The land was donated by George Spalding and George E. Merrick. The architect was Clinton MacKenzie.
The Edifice Religious was founded in the 1897, and completed in the 1917, the church was built by a single man, Felix Rebom, using only a hatchet, a trowel, a plumb line, and a T-square. Its architecture was modeled after the old Spanish missions of Mexico. On April 18, 2012, the AIA's Florida Chapter placed Plymouth Congregational Church on its list of Florida Architecture: 100 Years. 100 Places.

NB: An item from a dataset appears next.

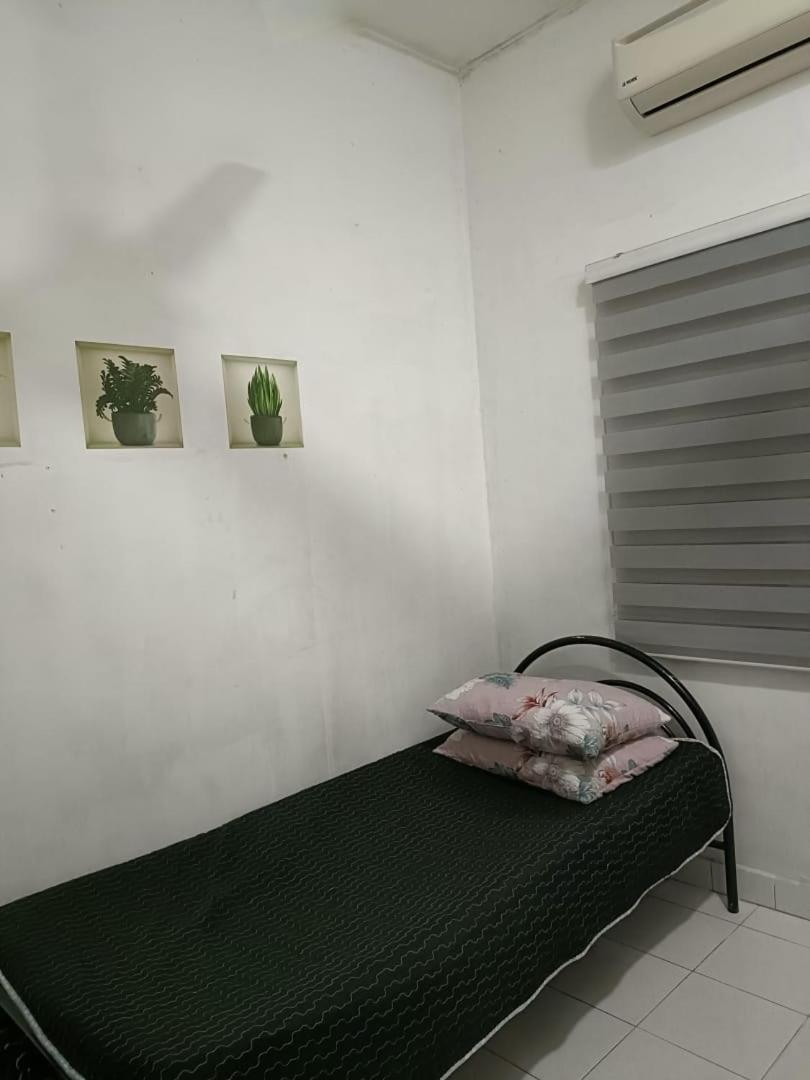 kak yatt homestay serendah photo 3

On July 23, 1974, it was added to the U.S. National Register of Historic Places.

Circa 1941, the WPA-sponsored American Guide Series book about Miami and environs described the church: "PLYMOUTH CONGREGATIONAL CHURCH, at Ingraham Hwy. and Devon Rd. is a reproduction of a Mexican mission. The interior of the vine-covered stone building is constructed on the lines of a basilica and the doors are said to have come from a Spanish mission in Mexico. In one of the doors is a round cat-hole, now covered with screen. Many outdoor weddings have been performed at the pulpit in the walled garden."